WORK INSTRUCTIONS: Write out every record exactly as it appears. Skip the pictures.

STORED DATA:
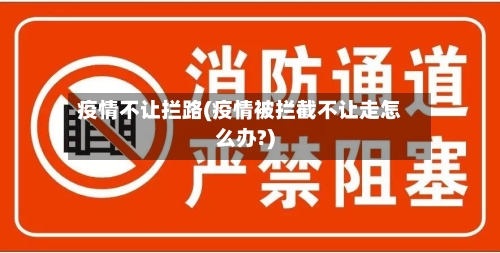 疫情不让拦路(疫情被拦截不让走怎么办?)-第1张图片
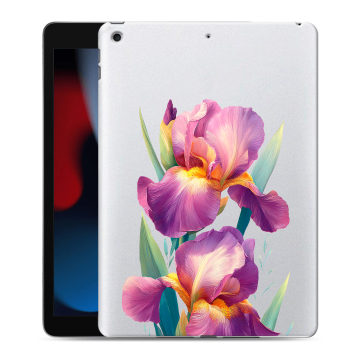 Силиконовый чехол на Ipad 10.2 (2021) с принтом Цветы орхидеи Силиконовый чехол на Ipad 10.2 (2021) с принтом Цветы орхидеи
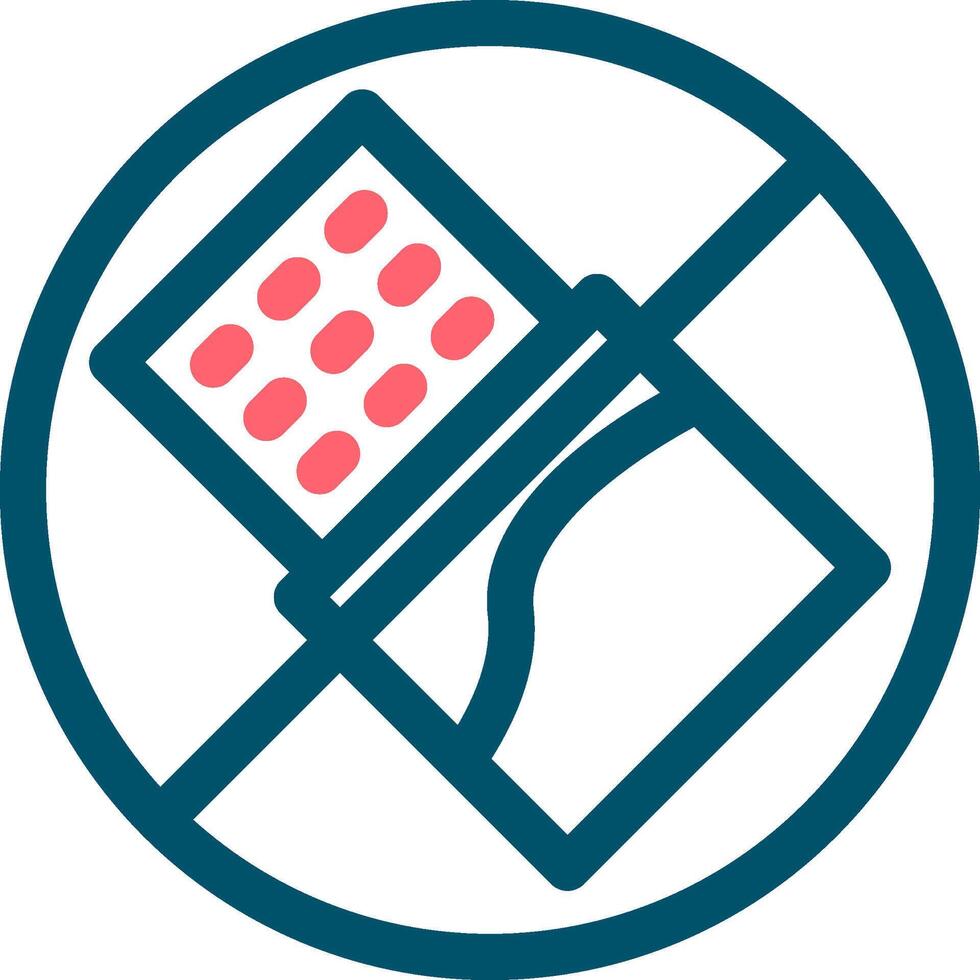 No Chocolate Creative Icon Design vector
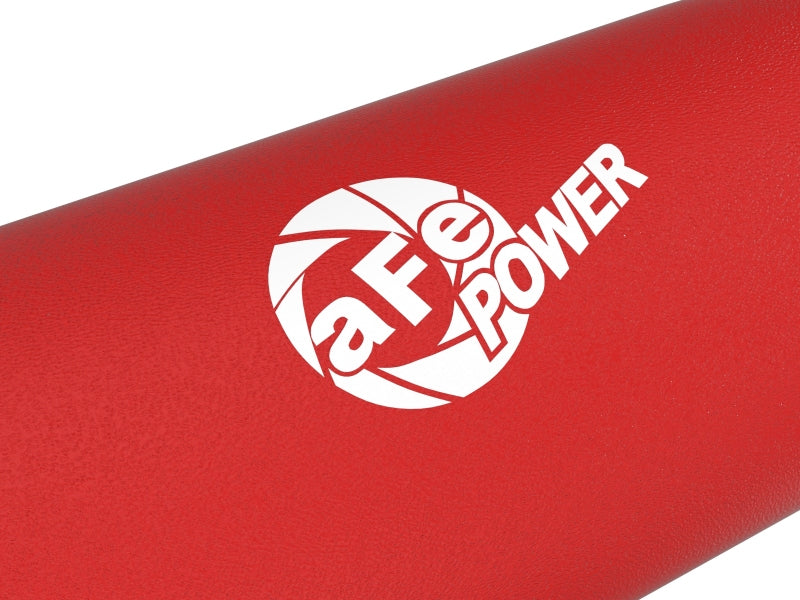 aFe 20-23 Ford Explorer ST V6 3.0L (tt) BladeRunner 2-3/4in Aluminum Cold Charge Pipe - Red - Blais Performance Parts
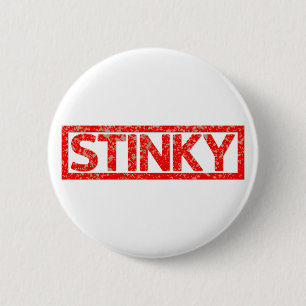 Stinky Stamp 6 Cm Round Badge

RESPONSE:
 疫情不让拦路(疫情被拦截不让走怎么办?)-第1张图片
 Силиконовый чехол на Ipad 10.2 (2021) с принтом Цветы орхидеи Силиконовый чехол на Ipad 10.2 (2021) с принтом Цветы орхидеи
 No Chocolate Creative Icon Design vector
 aFe 20-23 Ford Explorer ST V6 3.0L (tt) BladeRunner 2-3/4in Aluminum Cold Charge Pipe - Red - Blais Performance Parts
 Stinky Stamp 6 Cm Round Badge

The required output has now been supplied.